CNBC reported last week that either Lloyd Blankfein (Goldman CEO) and John Mack (Morgan Stanley CEO) have become close muckers all of a sudden, or they are cooking up a deal of some kind (on the basis that there's just not enough room for two former pure investment banks anymore). The news agency has learned that the two executives have been having dinner 'regularly' since Lehman Brothers went belly-up in September, prompting speculation that they talking merger. Here is The City thinks it's more likely, however, that they have simply been talking about the 'good old days', when they both managed profitable businesses with large market caps, and got paid huge bonuses just for showing up for work.
In the meantime, analysts expect both Goldman and Morgan Stanley to have had 'ugly' quarters in the fourth period (both firms closed their fiscal-fourth quarter at the end of November). Goldman is now expected to post its first quarterly loss since going public in 1999, while Morgan Stanley is also thought likely to writedown over $2bn and post another quarter of negative earnings.

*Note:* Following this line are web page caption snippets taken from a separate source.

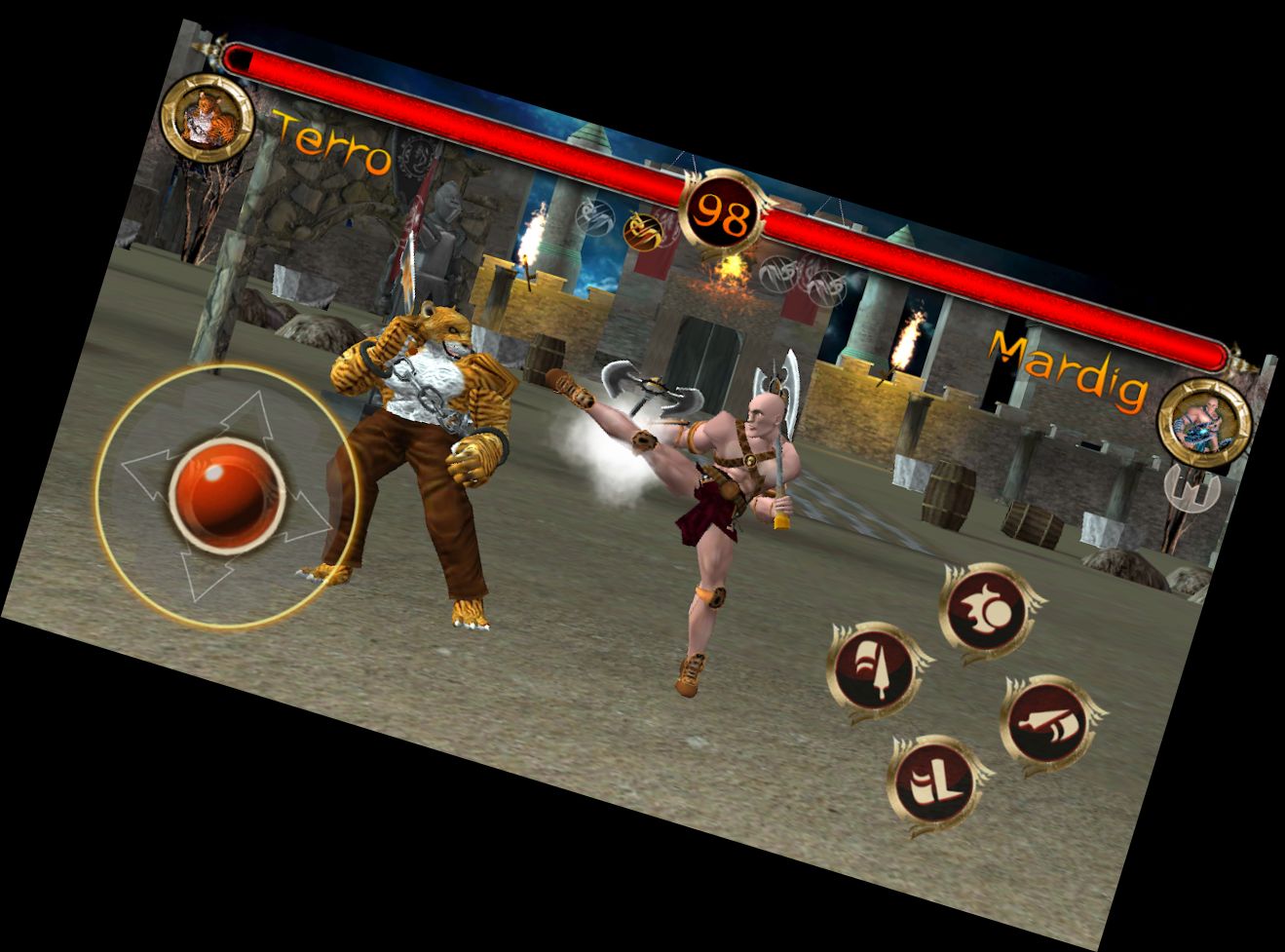 Earth Warrior 1 Combat Games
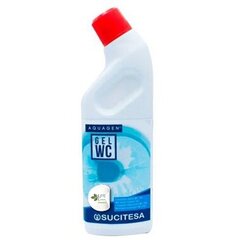 Värskendava toimega WC puhastusvahend Aquagen Gel WC, 1 L цена и информация | Очистители | kaup24.ee
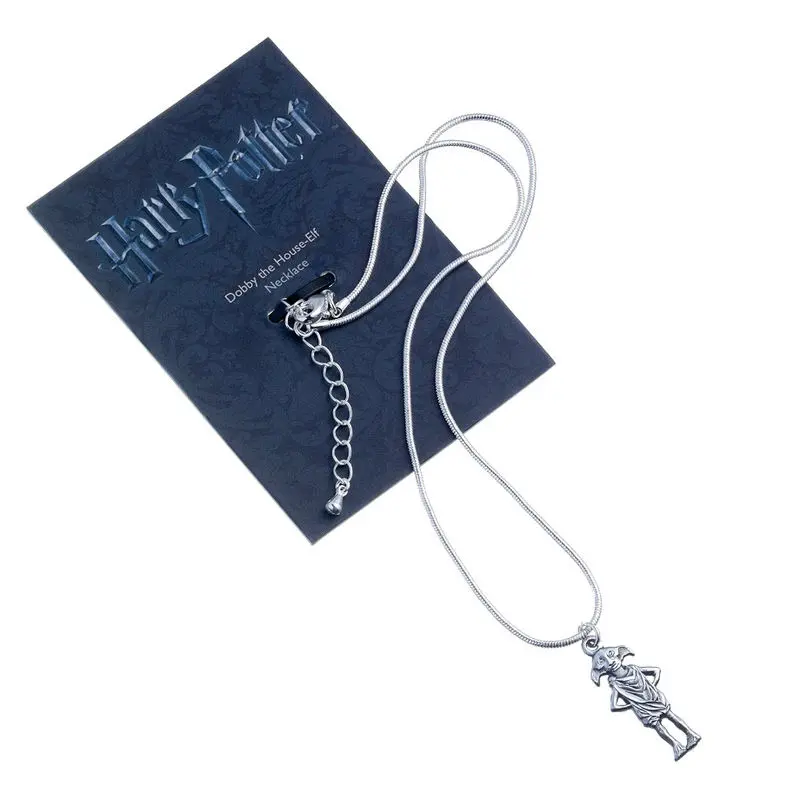 Harry Potter Pendant &amp; Necklace Dobby the House-Elf (silver plated) product photo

What is interesting, however, is how these two once-mighty titans are going to respond to the new market realities. Goldman, it appears, will try to very much carry on as usual (MarketWatch quotes Blankfein, who last month said: 'Nothing that happened this year alters the core of what Goldman Sachs is. We won't stop doing the things that made us a leading investment bank'). Morgan Stanley, on the other hand, has applied for a national banking licence and is likely to build a retail brand to complement its traditional activities, while cutting back on risk, principal investing and prop trading.